I'm wondering whether it is possible to do conditional compilation in Rust as in Example1.
// EXAMPLE 1 (C)
#define A 0
#define B 1
#define C 2
#ifndef WHICH
#define WHICH A
#endif
#if (WHICH == A)
char gift() { return 'A'; }
#elif (WHICH == B)
char gift() { return 'B'; }
#elif (WHICH == C)
char gift() { return 'C'; }
#else
#error "Please define WHICH"
#endif
void main() { printf("%c", gift()); }
I know it is possible to do conditional compilation in Rust as below with default Configuration Options(or features) provided with Rust.
// EXAMPLE 2 (Rust)
#[cfg(target_os="linux")]
println!("HELLO LINUX USER");
As in Example-3, it seems like it is only possible to use user-defined features as boolean properties when using them for conditional compilation in Rust.
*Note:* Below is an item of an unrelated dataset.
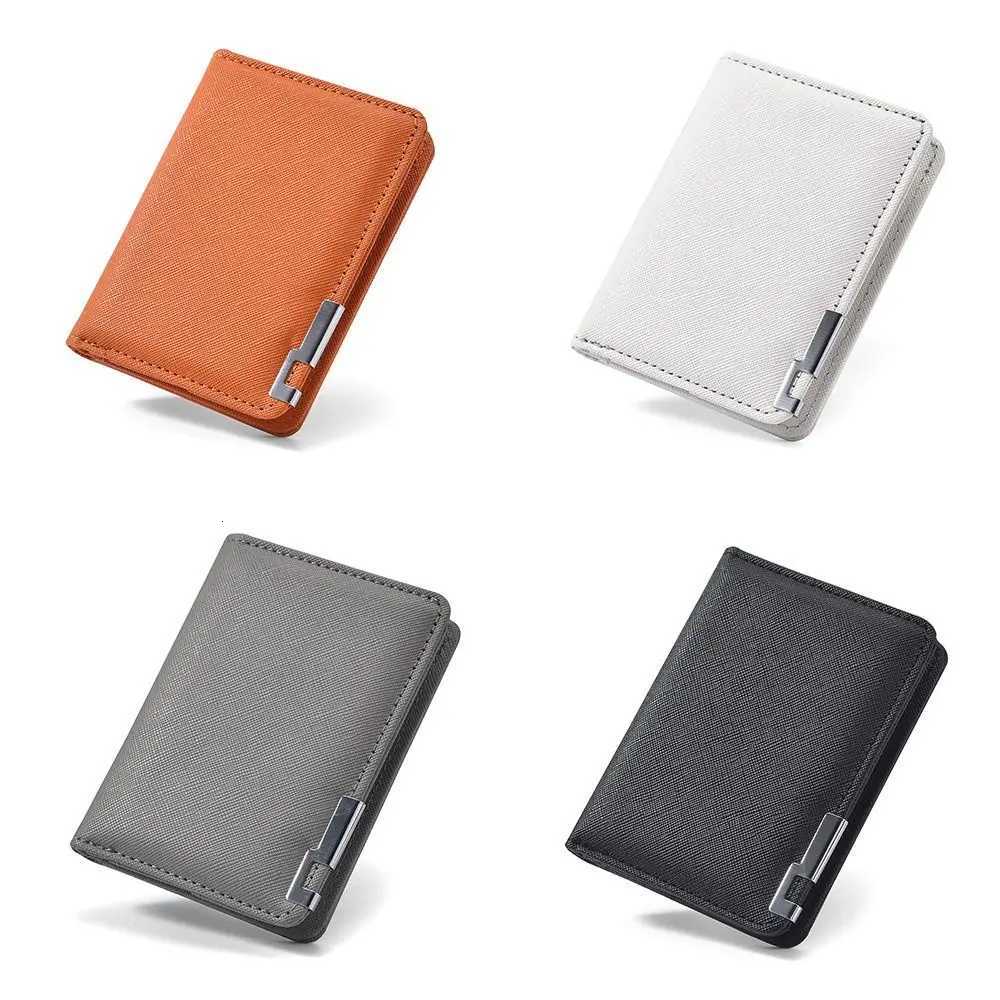 New PU Leather Mens Wallet Orange Black Grey White Two-Fold Multiple Pockets Ultra Thin Coin Purse Men Women Z250725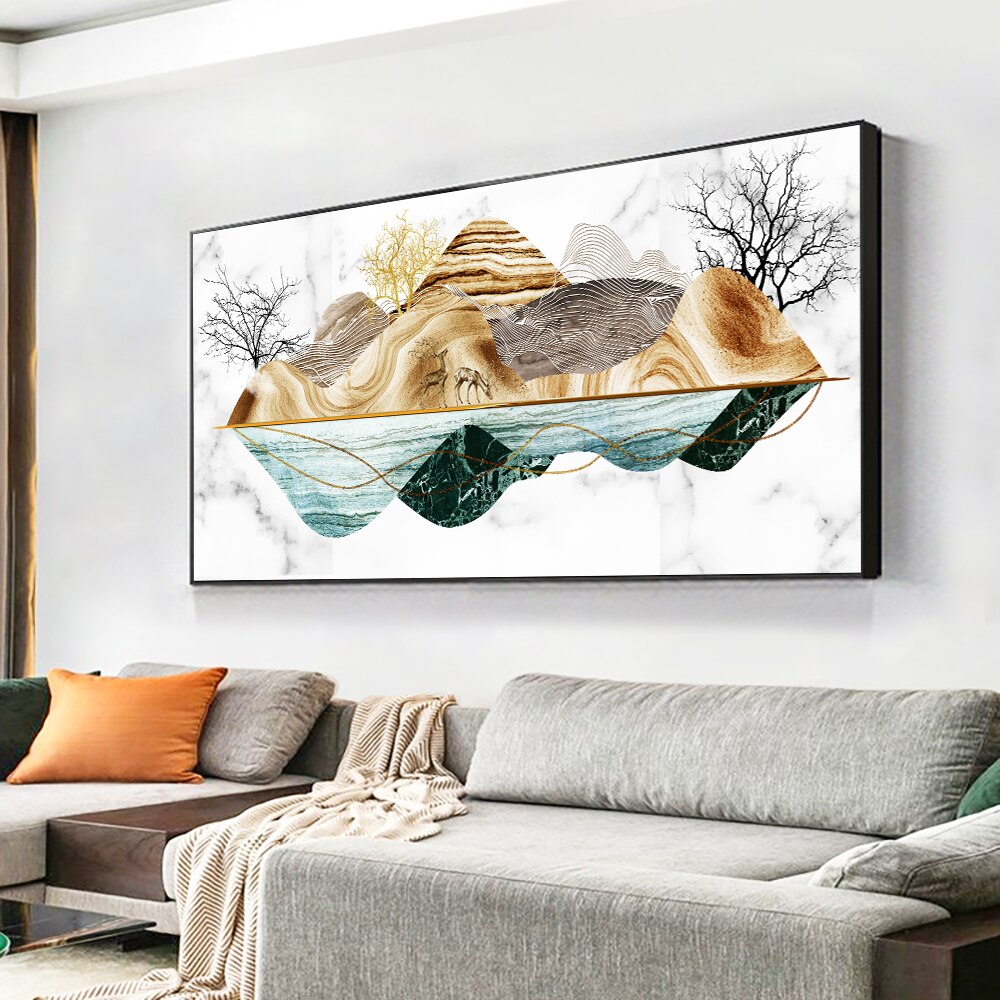 Abstract Mountain Trees Canvas Painting Wall Art Modern Nordic Landscape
It is possible to do conditional compilation in Rust by comparing a user-defined feature to different values?? (as in Example 1 or 2)
// Example 3 (Rust)
//// Cargo.toml
...
[features]
WHICH = []
//// main.rs
fn main() {
#[cfg(feature="WHICH")]
println!("HELLO WHICH");
}
AFAIK, it is not possible to get arbitrary features (e.g., something like an integer or an arbitrary string).
If, however, the set of values is finite, you can create all the needed features:
[features]
which-A = []
which-B = []
which-C = []
fn gift () -> char
{
::cfg_if::cfg_if! {
if #[cfg(feature = "which-A")] {
#[cfg(any(
feature = "which-B",
feature = "which-C",
))] compile_error!("Please define only one value for `which`");
'A'
} else if #[cfg(feature = "which-B")] {
#[cfg(any(
feature = "which-C",
))] compile_error!("Please define only one value for `which`");
'B'
} else if #[cfg(feature = "which-C")] {
'C'
} else {
compile_error!("Please provide one of `which-A`, `which-B` or `which-C` features");
unreachable!()
}
}
}
It is, as you can see, ugly, and does not scale well (if crate B depends on this and enables which-B, and crate C depends on this and enable which-C, you will not be able to depend on both B and C...).
So in general environment variables are the tool used for this kind of thing: they can be manipulated at compile time thanks to the env! macro, and since it expands to a &'static str (compatible with concat! by the way), you get to .parse() it or whatever your want to extract values out of it.